En ese sentido, el proyecto de Código Penal integral es nefasto pues mantiene demasiados delitos y eso lo único que va a lograr es mantener los índices de criminalidad altos. Es que es sencillo, a menos delitos, menos delincuentes.

La pregunta de qué conductas deben ser consideradas delito es compleja, pero no tanto. La reducción de los Códigos Penales es una señal de evolución. Al menos, la reducción a la mínima expresión de las penas privativas de libertad.

Sin embargo, hay un delito que no resiste más esa categoría y peor aún las penas privativas de libertad con que se sanciona: la injuria.

¿Cómo es posible que hablar lleve a una persona a la cárcel? Este tipo de delitos son los más nefastos. No porque la gente no deba hacerse cargo de  lo que dice, sino por la desproporcionalidad entre conducta y sanción.

¿Puede alguien ofenderse al punto por lo que otro diga como para querer mandarlos con sus huesos a una de esas escuelas de refinación del crimen que son las cárceles? ¿Cómo es que el mundo ha avanzado tanto, pero el concepto del honor sigue siendo tan prusiano?

Si es así, ¿por qué no reinstaurar los duelos por honor? Sería una forma más elegante y efectiva de sentir una reparación de la reputación mancillada.

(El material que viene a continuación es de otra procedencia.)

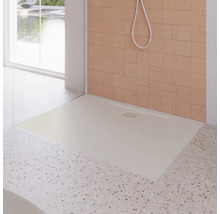 Begehbare Dusche mit flacher Duschwanne und gefliester Wand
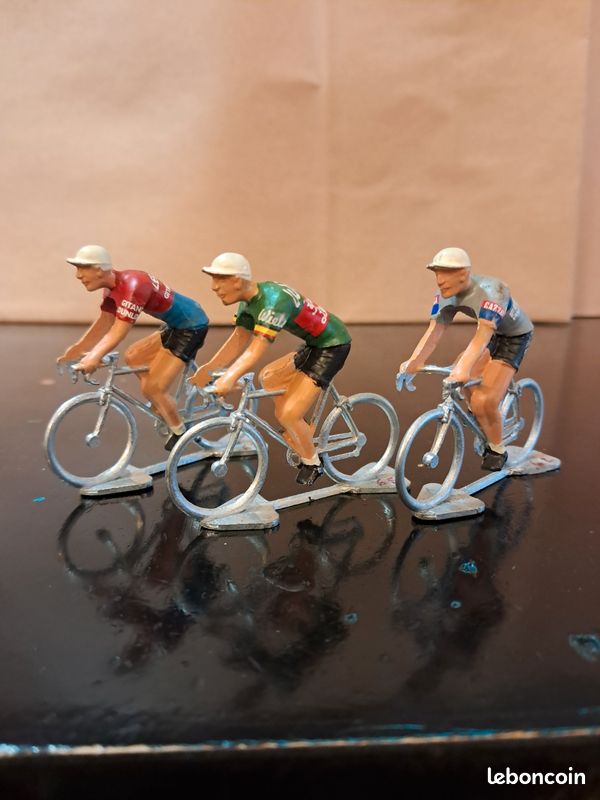 Lot De 4 Figurines Cyclistes Tour De France – échelle 1/32 – Plastique – Occasion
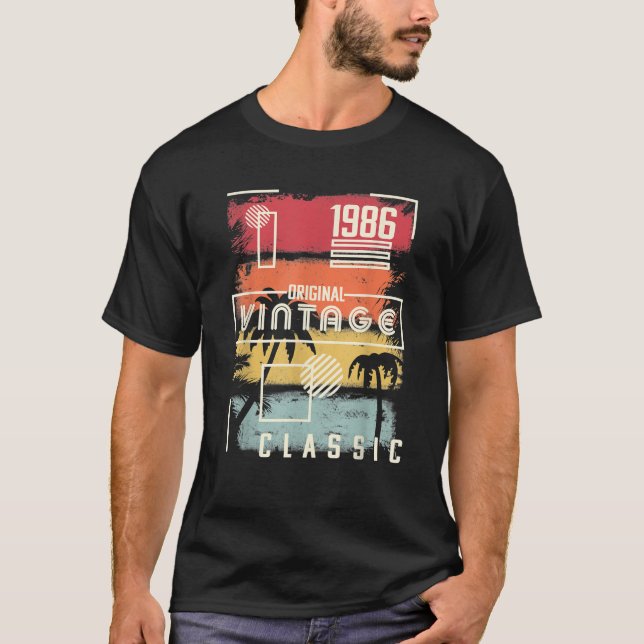 Funny Gift 40th Birthday Men Women 40 Years Old T-Shirt (Front)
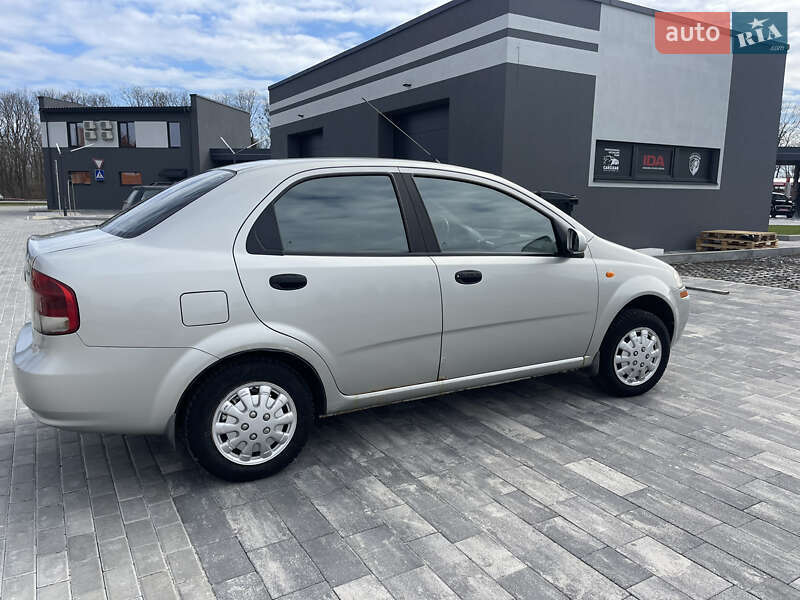 Седан Chevrolet Aveo 2004 в Луцке фото 18 Седан Chevrolet Aveo 2004 в Луцке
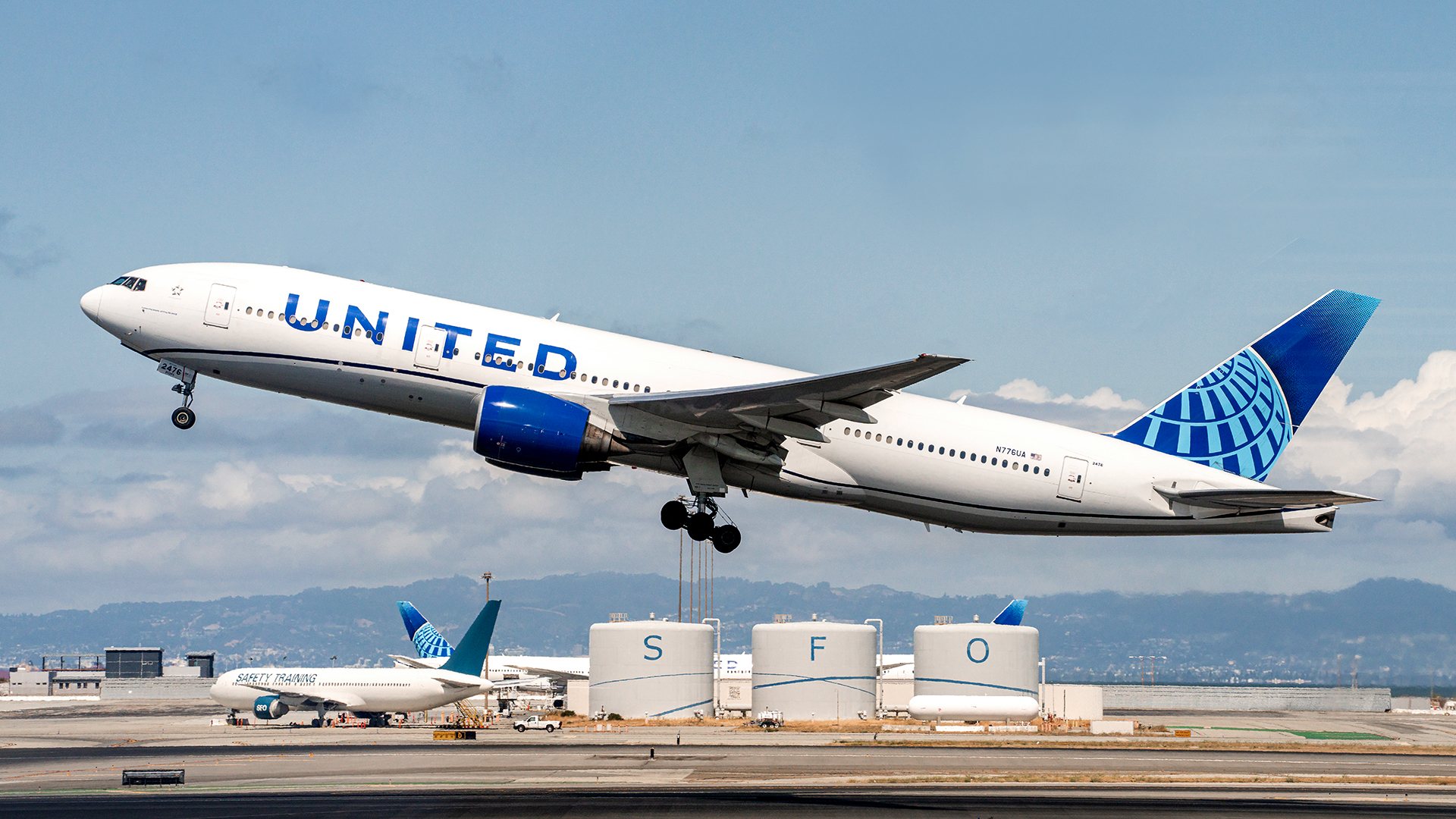 The first Starlink-equipped widebody transatlantic flight left Newark/New York on 22 June 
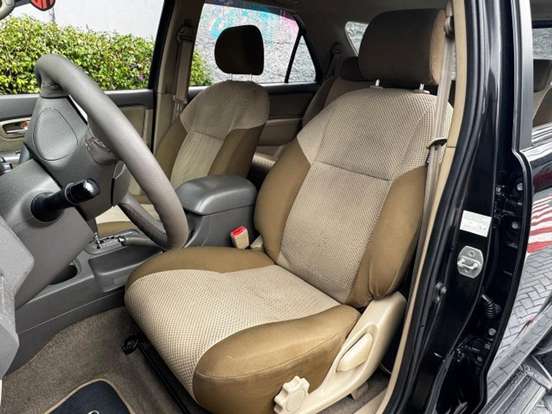 TOYOTA-HILUX SW4-2.7 SR 4X2 16V FLEX 4P AUTOMÁTICO TOYOTA-HILUX SW4-2012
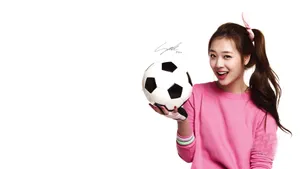 韩国美女明星崔雪莉图片壁纸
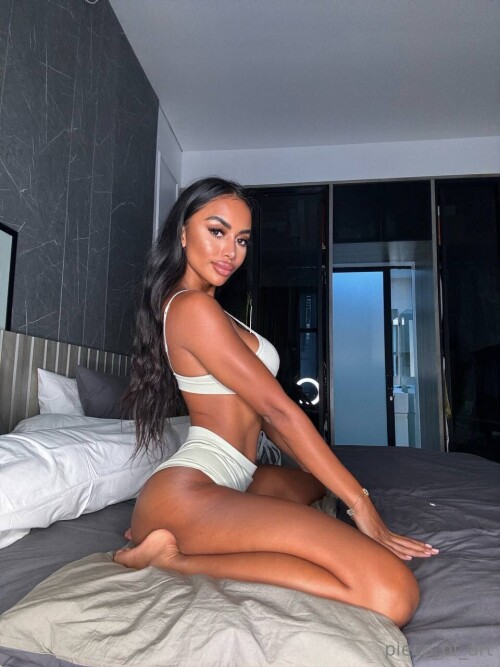 Carla Piece of Art Nude Leaked Onlyfans Photo Carla Piece of Art Nude Leaked Onlyfans Photo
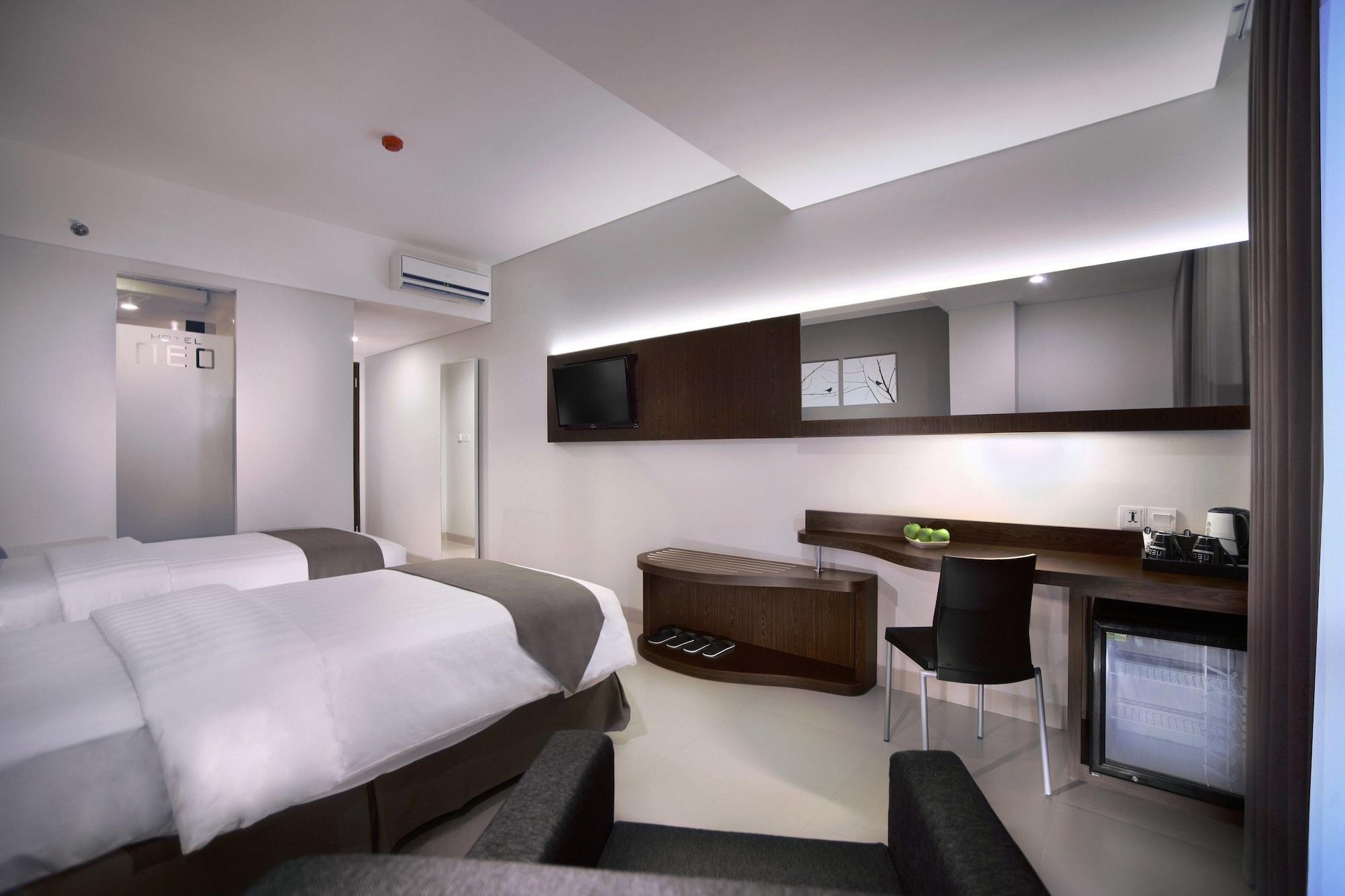 Neo Denpasar By Aston Hotel Exterior photo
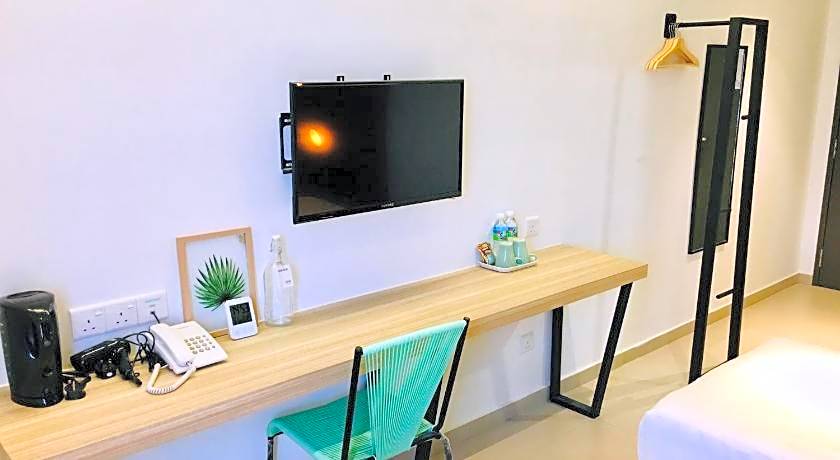 Enclave Business Hotel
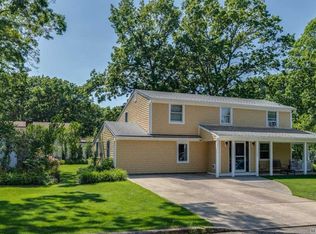 36 Beach Ave, Pt Jefferson Station, NY 11776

La injuria debe ser despenalizada, porque es desproporcionado que esté penada con prisión. La injuria debe ser despenalizada porque el derecho penal se supone una herramienta de última ratio y lo que alguien dice respecto de otro se puede reparar fuera de una sede judicial e inclusive a través de las mismas vías por las cuales la injuria fue cometida.

No hay que malinterpretar esta propuesta de gkillcity.com, pero hay que dejar claro una cosa: injuriar está mal, pero que alguien se vaya preso por una injuria es mucho peor.

En el caso de la injuria, no quedan dudas, la pena –más que nunca– es de suprema inutilidad.